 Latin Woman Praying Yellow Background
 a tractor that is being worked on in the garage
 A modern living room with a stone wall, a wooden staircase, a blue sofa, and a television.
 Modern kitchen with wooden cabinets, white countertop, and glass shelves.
---
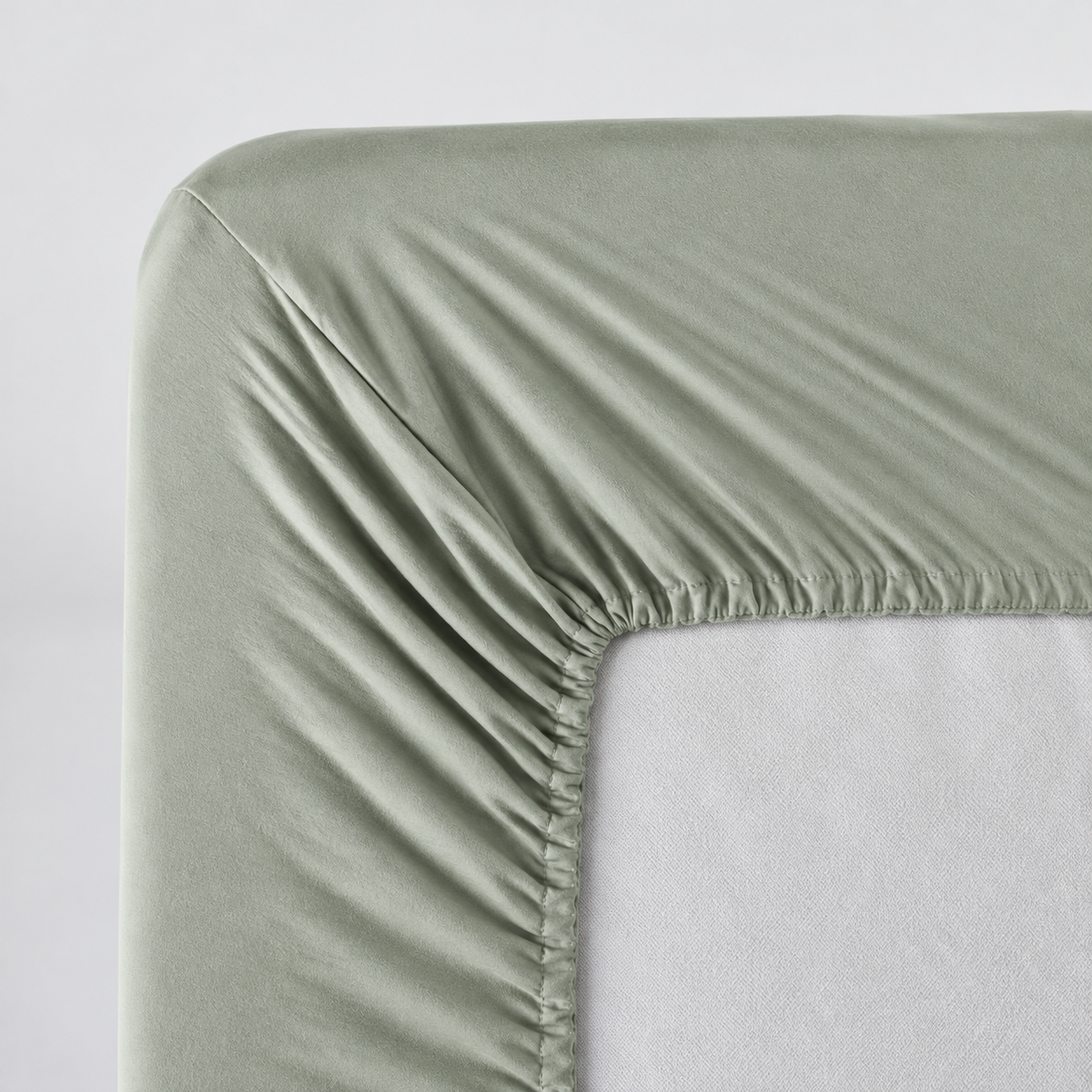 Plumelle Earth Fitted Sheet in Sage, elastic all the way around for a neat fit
* * *
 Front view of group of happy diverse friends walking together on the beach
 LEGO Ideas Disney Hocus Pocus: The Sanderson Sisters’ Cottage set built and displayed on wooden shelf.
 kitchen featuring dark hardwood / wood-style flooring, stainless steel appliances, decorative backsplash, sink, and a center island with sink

PROMPT >>
All that is wanted is an exact copy of the lines above from the one with "LEGO Ideas Disney" through the one with "kitchen featuring dark", with both ends included.

COMPLETED EXERCISE >>
 LEGO Ideas Disney Hocus Pocus: The Sanderson Sisters’ Cottage set built and displayed on wooden shelf.
 kitchen featuring dark hardwood / wood-style flooring, stainless steel appliances, decorative backsplash, sink, and a center island with sink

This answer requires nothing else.